Conformational Propensities of Intrinsically Disordered Proteins from NMR Chemical Shifts

• Published in: Chemphyschem Vol. 14; no. 13; pp. 3034 - 3045
• Main Authors: Kragelj, Jaka, Ozenne, Valéry, Blackledge, Martin, Jensen, Malene Ringkjøbing
• Format: Journal Article
• Language: English
• Published: Weinheim WILEY-VCH Verlag 16.09.2013; WILEY‐VCH Verlag; Wiley Subscription Services, Inc; Wiley-VCH Verlag
• Subjects: Biochemistry, Molecular Biology; chemical shifts; conformational propensities; ensemble description; Intrinsically Disordered Proteins; Intrinsically Disordered Proteins - chemistry; Life Sciences; NMR; Nuclear magnetic resonance; Nuclear Magnetic Resonance, Biomolecular; Protein Conformation; Proteins; Structural Biology; NMR; conformational propensities; intrinsically disordered proteins; chemical shifts; ensemble description
• ISSN: 1439-4235; 1439-7641
• DOI: 10.1002/cphc.201300387

The realization that a protein can be fully functional even in the absence of a stable three‐dimensional structure has motivated a large number of studies describing the conformational behaviour of these proteins at atomic resolution. Here, we review recent advances in the determination of local structural propensities of intrinsically disordered proteins (IDPs) from experimental NMR chemical shifts. A mapping of the local structure in IDPs is of paramount importance in order to understand the molecular details of complex formation, in particular, for IDPs that fold upon binding or undergo structural transitions to pathological forms of the same protein.
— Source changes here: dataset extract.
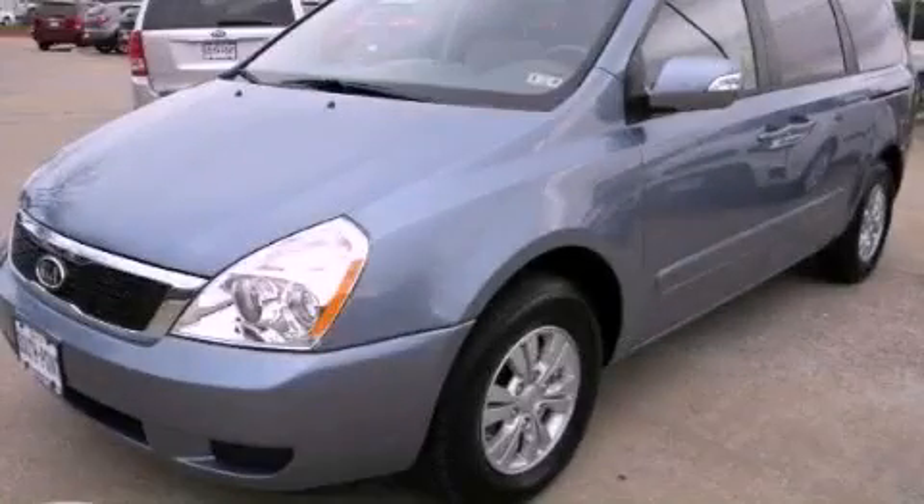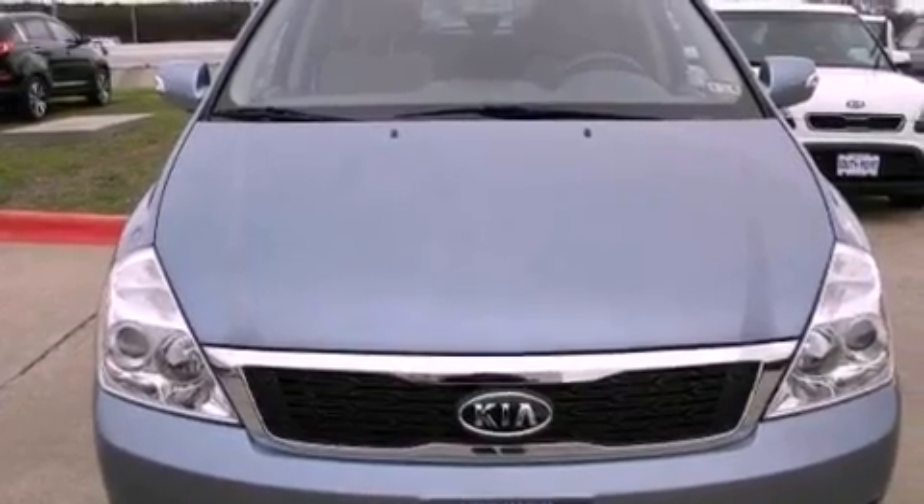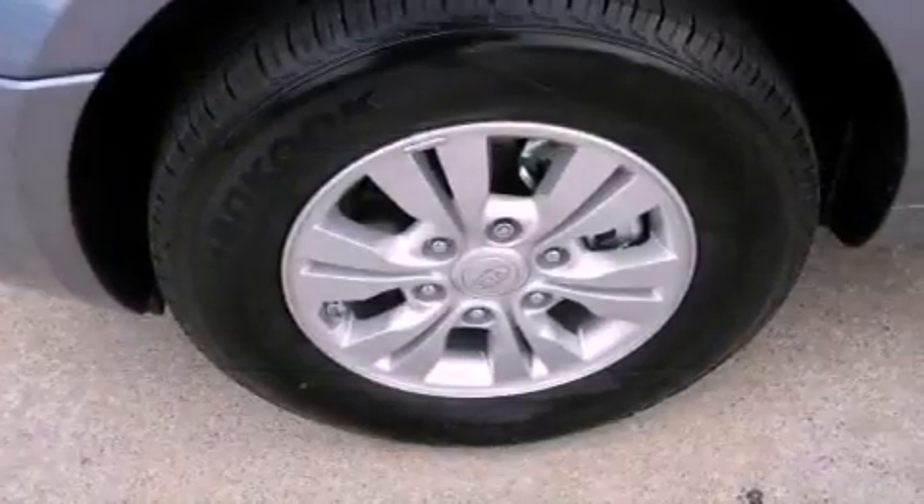This is a brand new 2012 Kia Sedona, designed with features that accommodate. It has a 3.5 liter 6-cylinder engine and an automatic transmission.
We discuss experimental strategies for the spectral assignment of IDPs, chemical shift prediction algorithms and the generation of representative structural ensembles of IDPs on the basis of chemical shifts. Additionally, we highlight the inherent degeneracies associated with the determination of IDP sub‐state populations from NMR chemical shifts alone. Understanding protein disorder: Over the last decade, classical structural biology has experienced a shift towards a more dynamic paradigm with the realization that a protein can be fully functional even in the absence of a stable, folded structure. In this review the recent advances in the determination of conformational propensities of intrinsically disordered proteins at atomic resolution from experimental NMR chemical shifts are presented.